L’obiettivo principale di questo studio era stimare la prevalenza del consumo di cannabis in pazienti con neoplasie ginecologiche e descrivere i modelli di consumo di cannabis. Gli obiettivi secondari includevano l’identificazione delle fonti di informazioni sulla cannabis utilizzate dai pazienti.  Quarantasei pazienti hanno partecipato al sondaggio. I siti di malattia più comuni erano il cancro ovarico e il cancro uterino, con la maggior parte delle pazienti sottoposte a chemioterapia come parte del loro trattamento. Diciassette partecipanti erano consumatrici attuali di cannabis (37%). I sintomi più comuni per i quali i partecipanti usavano la cannabis erano dolore (9/17), ansia (9/17) e insonnia (9/17). La maggior parte delle pazienti che usavano cannabis non aveva una prescrizione e otteneva la cannabis da un dispensario ricreativo (11 /17). Molti partecipanti che usavano cannabis non avevano parlato con il proprio medico della cannabis (9/17). Invece, le fonti più comuni di informazioni sulla cannabis erano i rivenditori di cannabis (20/46) e gli amici/familiari (20/46).

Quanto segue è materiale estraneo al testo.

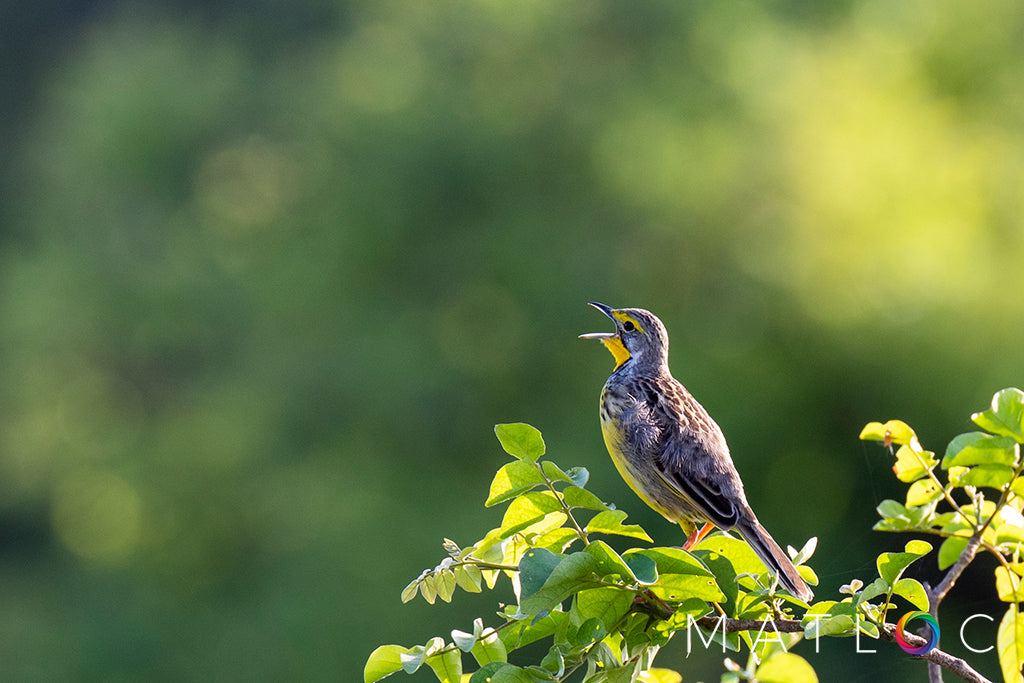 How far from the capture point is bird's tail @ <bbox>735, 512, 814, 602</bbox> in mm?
1082

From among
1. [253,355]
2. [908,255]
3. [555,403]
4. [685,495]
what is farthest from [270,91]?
[685,495]

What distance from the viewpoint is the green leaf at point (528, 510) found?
1.09 meters

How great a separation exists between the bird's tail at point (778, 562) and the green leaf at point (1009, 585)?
0.18 metres

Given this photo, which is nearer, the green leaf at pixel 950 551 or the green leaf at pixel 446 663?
the green leaf at pixel 950 551

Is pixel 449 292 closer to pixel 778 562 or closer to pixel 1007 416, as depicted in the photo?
pixel 778 562

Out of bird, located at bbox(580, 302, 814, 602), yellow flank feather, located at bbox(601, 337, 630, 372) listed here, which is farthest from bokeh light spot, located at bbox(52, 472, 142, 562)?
bird, located at bbox(580, 302, 814, 602)

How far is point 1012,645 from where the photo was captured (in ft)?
3.39

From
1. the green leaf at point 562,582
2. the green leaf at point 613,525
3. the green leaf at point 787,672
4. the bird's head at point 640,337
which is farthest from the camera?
the bird's head at point 640,337

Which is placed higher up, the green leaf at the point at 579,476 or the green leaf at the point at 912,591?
the green leaf at the point at 579,476

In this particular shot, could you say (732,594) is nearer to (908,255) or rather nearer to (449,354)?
(908,255)

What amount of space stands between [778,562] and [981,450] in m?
0.28

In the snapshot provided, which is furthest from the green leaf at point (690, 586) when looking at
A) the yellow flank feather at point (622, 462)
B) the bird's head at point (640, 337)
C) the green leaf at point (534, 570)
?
the bird's head at point (640, 337)

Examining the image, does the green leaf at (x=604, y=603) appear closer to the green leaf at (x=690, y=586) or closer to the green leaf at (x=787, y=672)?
the green leaf at (x=690, y=586)

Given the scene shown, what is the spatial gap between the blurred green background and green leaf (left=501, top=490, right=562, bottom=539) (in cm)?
355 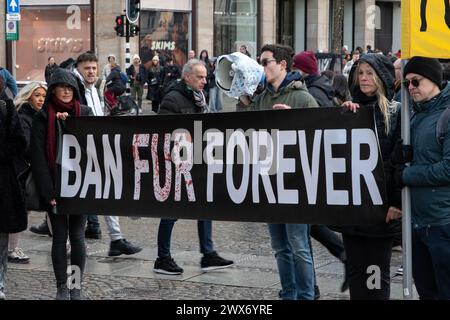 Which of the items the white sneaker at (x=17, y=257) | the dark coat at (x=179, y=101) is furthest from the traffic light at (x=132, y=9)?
the dark coat at (x=179, y=101)

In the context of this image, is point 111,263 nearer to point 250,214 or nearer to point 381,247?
point 250,214

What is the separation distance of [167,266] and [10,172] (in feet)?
5.84

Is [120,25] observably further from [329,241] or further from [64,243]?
[64,243]

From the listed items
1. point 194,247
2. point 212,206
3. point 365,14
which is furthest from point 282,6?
point 212,206

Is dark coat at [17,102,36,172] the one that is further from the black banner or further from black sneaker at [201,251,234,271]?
black sneaker at [201,251,234,271]

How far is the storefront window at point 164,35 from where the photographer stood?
3064cm

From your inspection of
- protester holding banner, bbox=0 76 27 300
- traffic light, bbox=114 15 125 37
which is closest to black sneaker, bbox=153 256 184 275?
protester holding banner, bbox=0 76 27 300

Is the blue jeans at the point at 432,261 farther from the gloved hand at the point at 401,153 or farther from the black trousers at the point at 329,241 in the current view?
the black trousers at the point at 329,241

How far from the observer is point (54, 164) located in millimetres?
6625

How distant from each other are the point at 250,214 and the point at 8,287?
2.67 m

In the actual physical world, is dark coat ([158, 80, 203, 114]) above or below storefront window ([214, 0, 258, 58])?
below

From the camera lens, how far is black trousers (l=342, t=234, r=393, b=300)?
17.6 feet

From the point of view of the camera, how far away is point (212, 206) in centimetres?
600

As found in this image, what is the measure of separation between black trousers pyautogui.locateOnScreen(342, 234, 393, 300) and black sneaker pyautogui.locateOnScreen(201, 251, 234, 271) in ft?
8.96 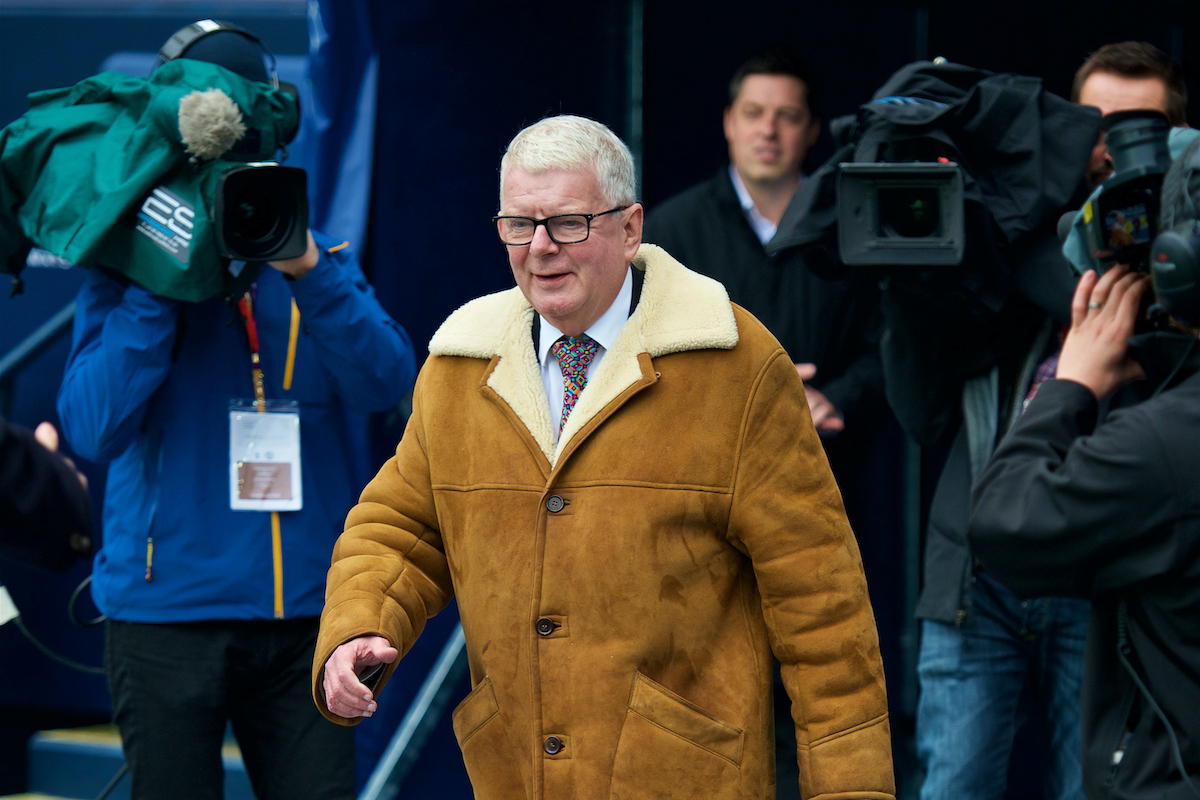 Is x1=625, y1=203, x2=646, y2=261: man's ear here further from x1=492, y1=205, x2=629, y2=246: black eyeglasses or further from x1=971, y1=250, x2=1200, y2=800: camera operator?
x1=971, y1=250, x2=1200, y2=800: camera operator

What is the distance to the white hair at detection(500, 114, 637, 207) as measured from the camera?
80.1 inches

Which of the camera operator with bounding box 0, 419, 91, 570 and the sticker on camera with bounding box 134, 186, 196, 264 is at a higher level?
the sticker on camera with bounding box 134, 186, 196, 264

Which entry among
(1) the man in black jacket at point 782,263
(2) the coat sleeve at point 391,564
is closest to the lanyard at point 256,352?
(2) the coat sleeve at point 391,564

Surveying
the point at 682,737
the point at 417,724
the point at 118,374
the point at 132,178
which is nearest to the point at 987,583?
the point at 682,737

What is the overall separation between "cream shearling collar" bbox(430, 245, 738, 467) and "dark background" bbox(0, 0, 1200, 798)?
1.37 m

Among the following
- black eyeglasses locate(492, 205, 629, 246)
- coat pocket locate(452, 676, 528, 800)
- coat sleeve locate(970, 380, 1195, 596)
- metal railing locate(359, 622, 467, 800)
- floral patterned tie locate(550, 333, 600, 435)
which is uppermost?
black eyeglasses locate(492, 205, 629, 246)

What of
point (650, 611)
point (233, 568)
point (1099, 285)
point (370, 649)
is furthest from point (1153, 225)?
point (233, 568)

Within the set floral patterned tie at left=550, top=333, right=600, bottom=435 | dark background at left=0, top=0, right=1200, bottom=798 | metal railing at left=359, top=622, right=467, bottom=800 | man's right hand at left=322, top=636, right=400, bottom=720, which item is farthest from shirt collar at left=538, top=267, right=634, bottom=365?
metal railing at left=359, top=622, right=467, bottom=800

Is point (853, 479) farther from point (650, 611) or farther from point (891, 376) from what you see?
point (650, 611)

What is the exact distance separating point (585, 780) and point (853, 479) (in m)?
1.72

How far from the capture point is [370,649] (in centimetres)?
204

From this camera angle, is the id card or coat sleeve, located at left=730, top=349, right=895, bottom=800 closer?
coat sleeve, located at left=730, top=349, right=895, bottom=800

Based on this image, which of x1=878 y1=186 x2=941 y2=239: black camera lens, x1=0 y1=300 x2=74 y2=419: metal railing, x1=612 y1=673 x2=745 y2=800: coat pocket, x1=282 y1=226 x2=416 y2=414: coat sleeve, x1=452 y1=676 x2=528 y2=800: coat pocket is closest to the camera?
x1=612 y1=673 x2=745 y2=800: coat pocket

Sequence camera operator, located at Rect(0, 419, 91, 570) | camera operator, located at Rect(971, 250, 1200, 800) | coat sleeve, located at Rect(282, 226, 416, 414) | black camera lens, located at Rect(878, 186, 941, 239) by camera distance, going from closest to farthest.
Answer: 1. camera operator, located at Rect(971, 250, 1200, 800)
2. black camera lens, located at Rect(878, 186, 941, 239)
3. coat sleeve, located at Rect(282, 226, 416, 414)
4. camera operator, located at Rect(0, 419, 91, 570) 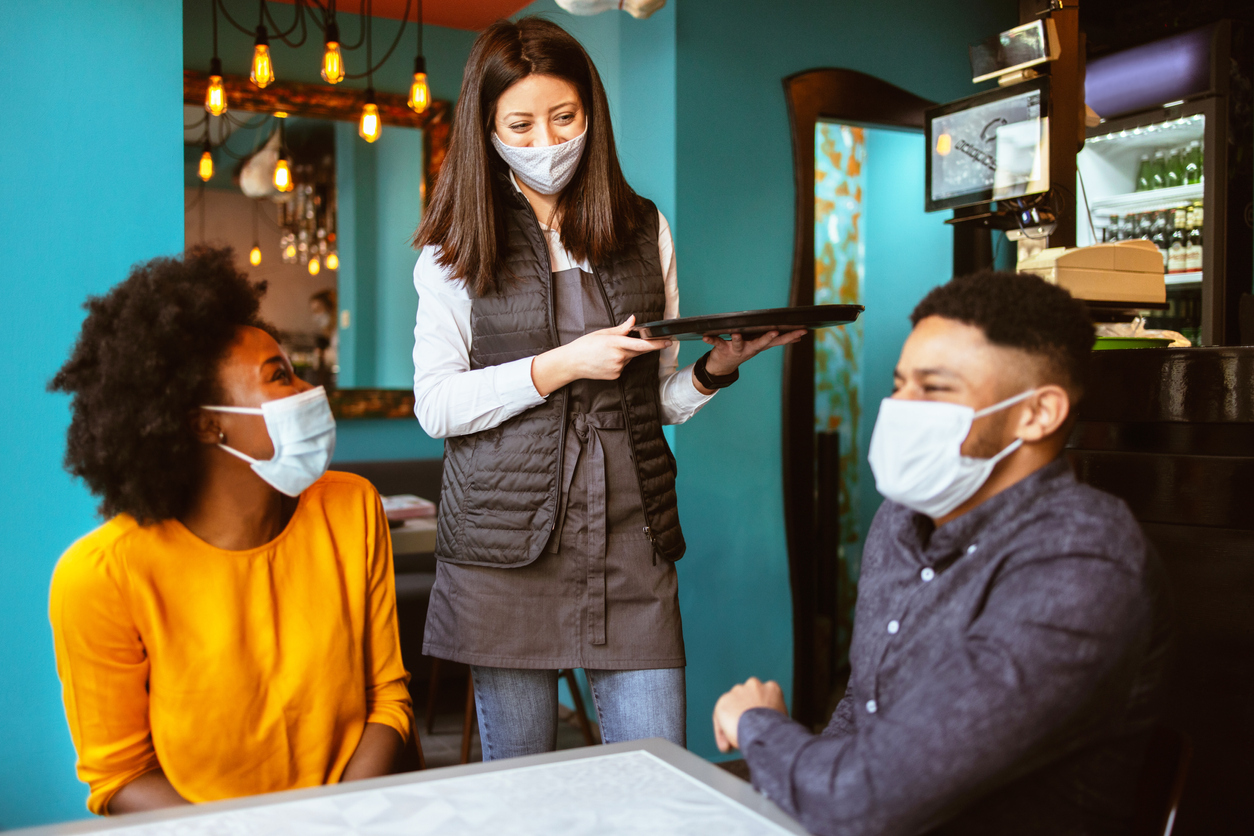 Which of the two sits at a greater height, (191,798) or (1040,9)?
(1040,9)

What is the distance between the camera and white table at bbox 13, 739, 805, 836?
963 millimetres

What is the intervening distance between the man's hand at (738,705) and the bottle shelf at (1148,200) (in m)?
3.70

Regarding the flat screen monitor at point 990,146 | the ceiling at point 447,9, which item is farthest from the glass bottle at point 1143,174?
the ceiling at point 447,9

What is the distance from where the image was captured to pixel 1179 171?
4148 mm

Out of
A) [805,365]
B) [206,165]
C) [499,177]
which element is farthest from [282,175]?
[499,177]

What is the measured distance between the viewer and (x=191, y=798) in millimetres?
1298

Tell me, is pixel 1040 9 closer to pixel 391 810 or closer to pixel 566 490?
pixel 566 490

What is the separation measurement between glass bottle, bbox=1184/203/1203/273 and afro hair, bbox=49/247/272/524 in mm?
3893

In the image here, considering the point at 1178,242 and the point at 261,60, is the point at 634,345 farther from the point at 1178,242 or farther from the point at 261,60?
the point at 1178,242

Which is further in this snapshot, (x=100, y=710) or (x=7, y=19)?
(x=7, y=19)

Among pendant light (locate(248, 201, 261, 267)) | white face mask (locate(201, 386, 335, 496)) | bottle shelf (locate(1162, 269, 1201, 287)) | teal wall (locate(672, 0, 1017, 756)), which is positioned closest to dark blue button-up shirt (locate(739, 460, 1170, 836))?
white face mask (locate(201, 386, 335, 496))

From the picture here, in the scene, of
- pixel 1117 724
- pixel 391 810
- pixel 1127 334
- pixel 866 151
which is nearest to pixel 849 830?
pixel 1117 724

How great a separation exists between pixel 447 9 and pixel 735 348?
3.58 meters

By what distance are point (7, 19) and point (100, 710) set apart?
124 centimetres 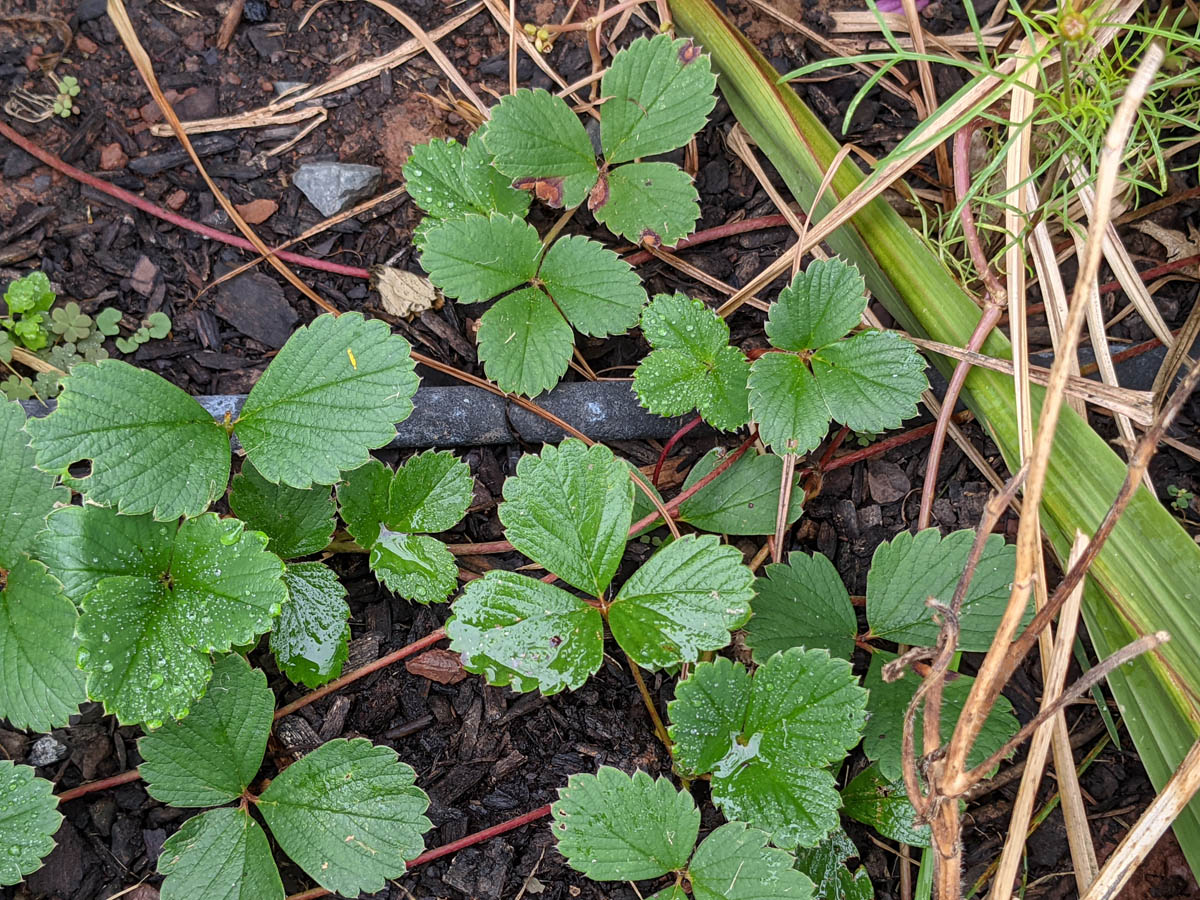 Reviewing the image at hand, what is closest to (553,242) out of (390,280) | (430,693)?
(390,280)

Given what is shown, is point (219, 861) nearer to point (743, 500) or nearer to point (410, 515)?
point (410, 515)

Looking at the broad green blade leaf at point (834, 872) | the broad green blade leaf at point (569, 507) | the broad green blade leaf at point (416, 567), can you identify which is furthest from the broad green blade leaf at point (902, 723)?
the broad green blade leaf at point (416, 567)

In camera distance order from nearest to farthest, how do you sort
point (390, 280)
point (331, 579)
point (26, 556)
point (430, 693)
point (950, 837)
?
point (950, 837) < point (26, 556) < point (331, 579) < point (430, 693) < point (390, 280)

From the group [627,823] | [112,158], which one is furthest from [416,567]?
[112,158]

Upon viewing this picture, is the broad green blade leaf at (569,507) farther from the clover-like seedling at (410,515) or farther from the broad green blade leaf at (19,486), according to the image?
the broad green blade leaf at (19,486)

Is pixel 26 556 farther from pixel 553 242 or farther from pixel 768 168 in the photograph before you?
pixel 768 168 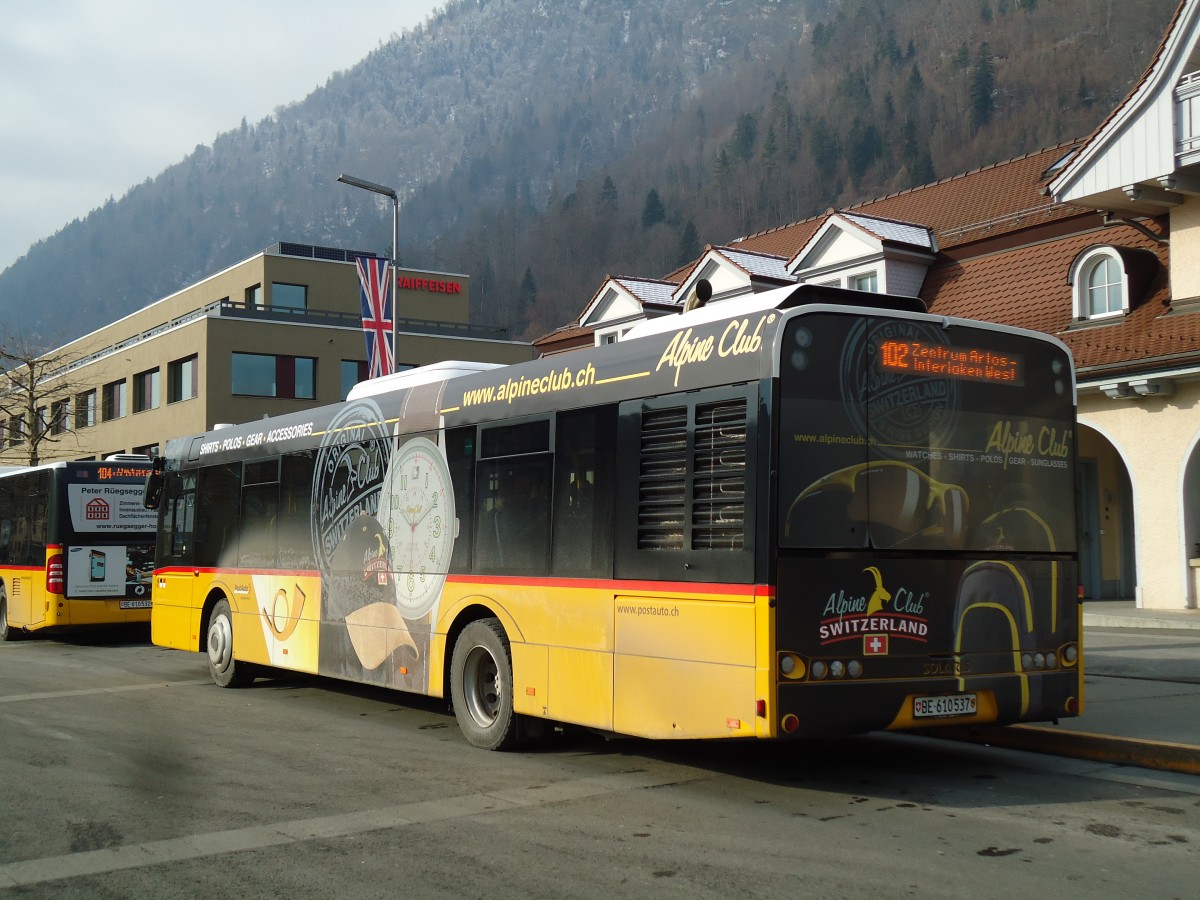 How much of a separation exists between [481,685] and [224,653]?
5635 mm

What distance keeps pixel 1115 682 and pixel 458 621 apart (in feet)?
22.7

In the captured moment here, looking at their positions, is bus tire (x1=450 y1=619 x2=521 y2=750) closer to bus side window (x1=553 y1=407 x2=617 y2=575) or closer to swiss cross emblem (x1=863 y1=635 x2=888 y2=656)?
bus side window (x1=553 y1=407 x2=617 y2=575)

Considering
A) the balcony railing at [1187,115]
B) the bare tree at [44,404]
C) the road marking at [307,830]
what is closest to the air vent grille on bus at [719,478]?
the road marking at [307,830]

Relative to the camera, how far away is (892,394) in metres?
7.75

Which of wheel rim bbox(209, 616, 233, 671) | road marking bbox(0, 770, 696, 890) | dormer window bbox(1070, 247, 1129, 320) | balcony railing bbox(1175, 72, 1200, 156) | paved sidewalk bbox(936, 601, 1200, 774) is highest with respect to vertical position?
balcony railing bbox(1175, 72, 1200, 156)

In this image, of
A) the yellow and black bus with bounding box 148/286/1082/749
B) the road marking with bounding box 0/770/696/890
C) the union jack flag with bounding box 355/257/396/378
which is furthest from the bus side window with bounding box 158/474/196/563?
the road marking with bounding box 0/770/696/890

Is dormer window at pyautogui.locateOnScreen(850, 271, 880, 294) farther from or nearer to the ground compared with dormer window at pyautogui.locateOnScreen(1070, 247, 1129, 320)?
farther from the ground

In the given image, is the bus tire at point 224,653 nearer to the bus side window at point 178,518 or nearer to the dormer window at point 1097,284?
the bus side window at point 178,518

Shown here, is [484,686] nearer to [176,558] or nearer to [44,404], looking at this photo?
[176,558]

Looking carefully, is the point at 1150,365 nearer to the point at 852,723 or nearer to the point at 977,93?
the point at 852,723

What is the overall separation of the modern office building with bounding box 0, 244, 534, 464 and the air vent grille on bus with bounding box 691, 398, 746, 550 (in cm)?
4114

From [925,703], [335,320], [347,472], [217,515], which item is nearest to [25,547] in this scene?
[217,515]

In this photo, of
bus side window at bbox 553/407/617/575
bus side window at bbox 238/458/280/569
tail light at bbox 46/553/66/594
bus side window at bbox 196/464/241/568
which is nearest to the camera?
bus side window at bbox 553/407/617/575

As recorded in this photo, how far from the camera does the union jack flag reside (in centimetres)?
2350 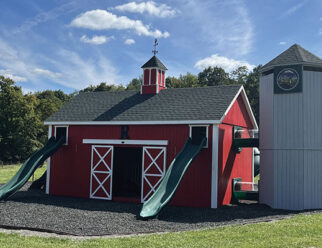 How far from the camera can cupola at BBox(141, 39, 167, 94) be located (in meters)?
17.7

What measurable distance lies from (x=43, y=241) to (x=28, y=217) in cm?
300

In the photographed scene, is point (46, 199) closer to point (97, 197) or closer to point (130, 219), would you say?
point (97, 197)

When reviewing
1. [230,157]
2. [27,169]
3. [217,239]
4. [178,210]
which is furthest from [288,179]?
[27,169]

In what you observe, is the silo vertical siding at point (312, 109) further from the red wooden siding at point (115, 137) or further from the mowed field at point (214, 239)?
the mowed field at point (214, 239)

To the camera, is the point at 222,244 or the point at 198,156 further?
the point at 198,156

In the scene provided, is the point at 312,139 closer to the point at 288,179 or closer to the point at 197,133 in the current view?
the point at 288,179

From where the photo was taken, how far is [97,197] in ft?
51.2

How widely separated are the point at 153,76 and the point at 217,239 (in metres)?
11.2

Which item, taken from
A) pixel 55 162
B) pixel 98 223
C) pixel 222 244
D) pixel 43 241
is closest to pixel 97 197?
pixel 55 162

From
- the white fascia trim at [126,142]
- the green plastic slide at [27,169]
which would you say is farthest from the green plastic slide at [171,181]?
the green plastic slide at [27,169]

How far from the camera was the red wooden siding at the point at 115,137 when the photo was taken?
13750 millimetres

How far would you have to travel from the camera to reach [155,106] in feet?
52.7

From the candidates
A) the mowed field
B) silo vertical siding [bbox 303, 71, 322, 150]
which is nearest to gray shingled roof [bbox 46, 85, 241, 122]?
silo vertical siding [bbox 303, 71, 322, 150]

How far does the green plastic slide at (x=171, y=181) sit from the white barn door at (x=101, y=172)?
3860 mm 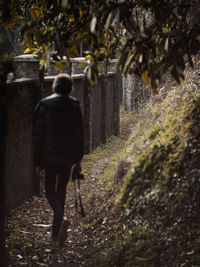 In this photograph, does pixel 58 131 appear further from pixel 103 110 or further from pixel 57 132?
pixel 103 110

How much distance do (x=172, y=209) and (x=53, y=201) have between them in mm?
1760

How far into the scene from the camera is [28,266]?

https://www.ncbi.nlm.nih.gov/pmc/articles/PMC10236193/

Sclerosi multipla, ottimi risultati da uno studio retrospettivo

All’Università di Buffalo è stata condotta una revisione retrospettiva della cartella clinica di 141 pazienti con SM che ricevevano cannabis medica MC per la gestione dei sintomi. I dati sono stati raccolti per un massimo di 4 appuntamenti di follow-up dopo l’inizio della terapia. I pazienti hanno sperimentato un ampio miglioramento dei sintomi della SM dopo l’inizio della MC, con alleviamento del dolore (72% dei pazienti) e spasticità (48% dei pazienti) e miglioramento del sonno (40% dei pazienti) tra i più comuni. C’è stata una significativa riduzione dell’uso concomitante di oppioidi dopo l’inizio della MC, come evidenziato da una significativa diminuzione degli equivalenti giornalieri di morfina in milligrammi tra i pazienti a cui sono stati prescritti analgesici oppioidi. La diminuzione dell’uso di miorilassanti e dell’uso di benzodiazepine non ha raggiunto la significatività. La reazione avversa più comune alla MC è stata la stanchezza (11% dei pazienti).